Prickly Love Review

ATYP’s reviewing program was created to give young people a platform to voice their opinions and experiences while developing skills in critical reflection. The views expressed are those of the writer and do not reflect the views of ATYP or its staff.

Prickly Love, 2024. Photo by Dom Young & Tianna Blaiklock.


New South Wales University Theatre Society’s (NUTS) production of Gita Bezard’s play Prickly Love explores the feeling in its many different forms. From its meta opening, where the characters talk about setting the scene, to its delightfully joyous (and melancholic) characters, even to its tasteful depiction of a sensitive subject matter – this show is student theatre at its best.

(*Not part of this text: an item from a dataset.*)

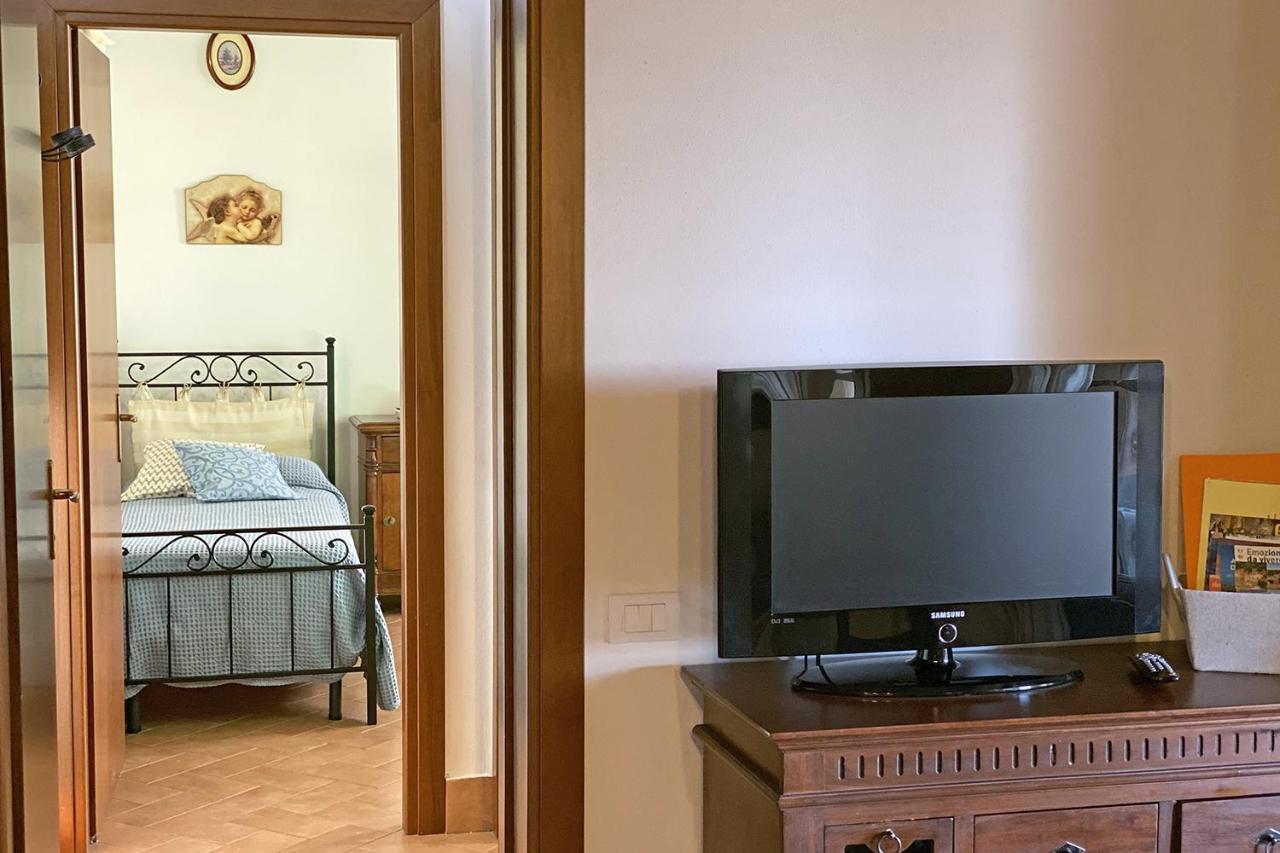 Il Poggio Della Pieve Apartments Santa Luce Dış mekan fotoğraf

The ten actors serenade the audience as they shuffle in, chatting amongst themselves as they sit down. As the show begins, they move around the space, accompanied by Charlie Campbell’s vibrant lighting and Sophia Tudman’s energetic sound design, until they end up in a staggered line facing the audience. This directorial choice by Emma Johns shows up throughout the play in moments where words aren’t enough for the characters to express their emotions to one another so they must manoeuvre around each other and deliver their thoughts to the audience. 

We then meet April (Ines Sicard) and Sam (Zoe Berg) as they break up leading to a tense exchange at the office between the two in front of Mads (Katherine Vu), April’s secret admirer, and Sylvia (Olivia Castree-Croad), April’s best friend. This heated exchange occurs right across from the budding romance between Aidan Hale’s Danny and Angus Crampton’s Harry whose storyline covers the excitement and nervousness of when a relationship enters the workplace. 

The final piece of the plot between Sam’s lesbian flatmates Gabbie (Isabella Mitchell) and Lila (Charlie Thomson) gets some of the biggest laughs in the play regarding a certain plant that brings out the most ridiculous aspects of both of them. Throughout the play, Jasmine Jenkins’ Jaxon and Isla Hook’s Molly play supporting characters as part of the ensemble, but both get their moment to shine.

The modern chic costumes and mundane office set by Corah Fortune complement each other well, with April’s ‘Safety Pin Suit’ being the standout statement piece. Emma Johns’ direction brilliantly balances the ridiculous with the sincere. She achieves her goal of reminding the audience of people that we have, do and could love. We view the play through her eyes and see that happiness doesn’t have to appear in huge and expansive ways, because it can seep in and quietly illuminate you. 

This idea could not be more apparent than in the character of Holly who holds a lamp and speaks directly to the audience. Her three extended monologues (which are really two characters talking to one another) are all masterfully portrayed by Isla Hook. Working with only herself, her slight body movements and voice intonations make her two characters distinct when they talk to one another, allowing Gita Bezard’s words to work their magic on the audience. Hook’s heartfelt delivery, pacing, and voice work made each of her monologues heartwarming and even managed to steal a tear from my eye. The other standout performance has to go to Katherine Vu as Mads. Despite barely speaking in the play, as the ensemble says her internal monologue, her emotive eyes speak volumes without her saying a word.


Prickly Love played at Studio One Esme Timbery Creative Practice Lab from the 9th to the 28th of April.